All of the listing should be output exactly, apart from the pictures.

Exercise data —
----------------

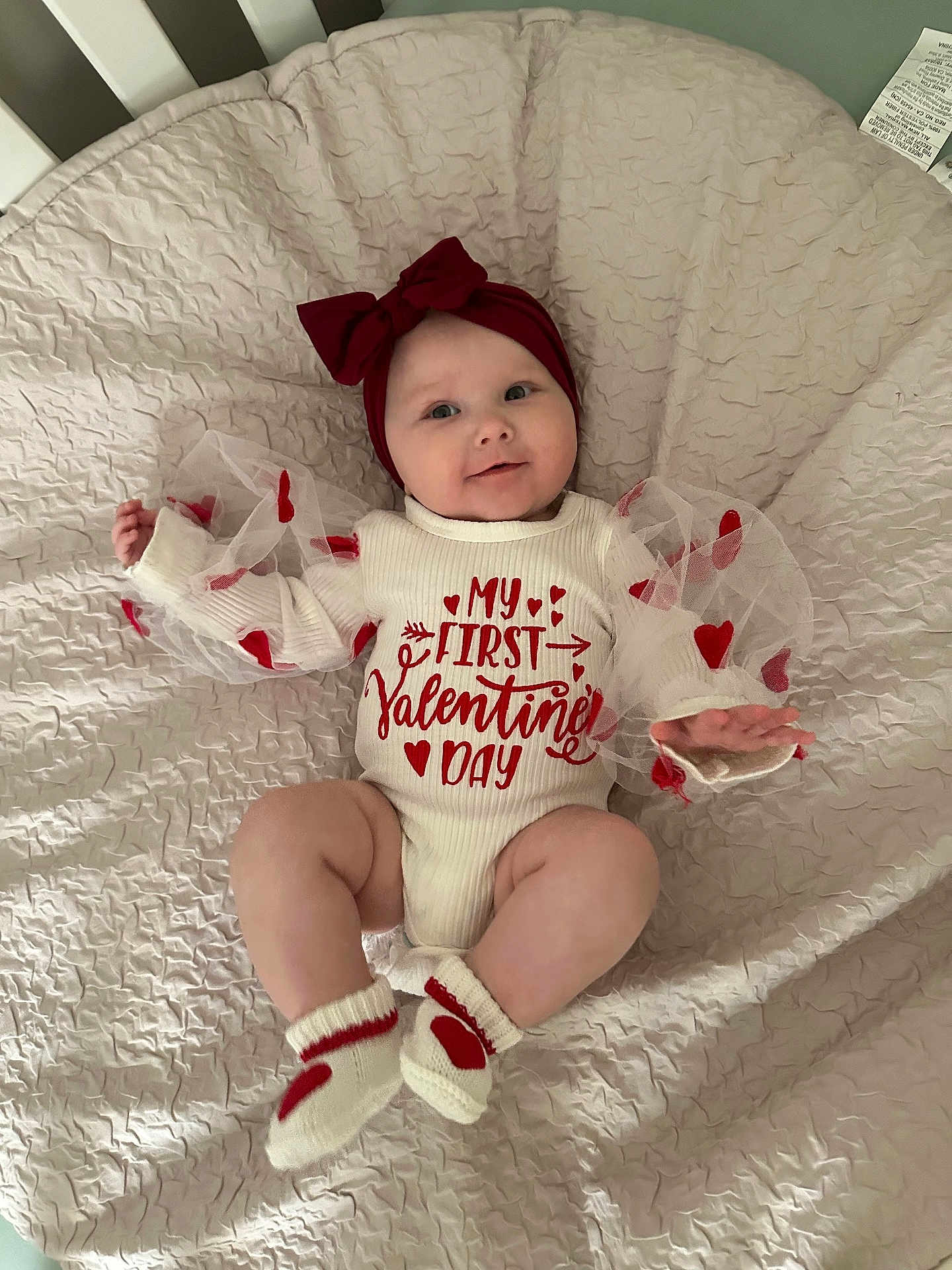 Kamrynn is registered to the contest to win money with this photo: baby, infant, valentines_day, headband, bow, socks, heart_pattern, cushion, blanket, soft_texture, smiling, cute, holiday_outfit, toddler, lying_down, indoors, celebration, child, portrait, clothing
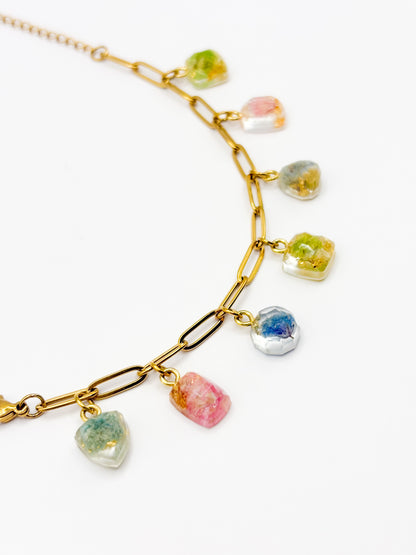 Gold bracelet with colorful gemstone pendants on a white background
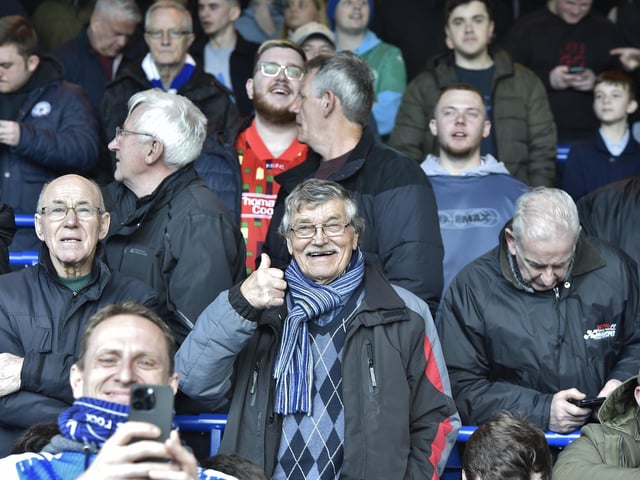 Peterborough United fans are pictured watching the crucial win over Derby County.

----------------

The completed task —
 Kamrynn is registered to the contest to win money with this photo: baby, infant, valentines_day, headband, bow, socks, heart_pattern, cushion, blanket, soft_texture, smiling, cute, holiday_outfit, toddler, lying_down, indoors, celebration, child, portrait, clothing
 Gold bracelet with colorful gemstone pendants on a white background
 Peterborough United fans are pictured watching the crucial win over Derby County.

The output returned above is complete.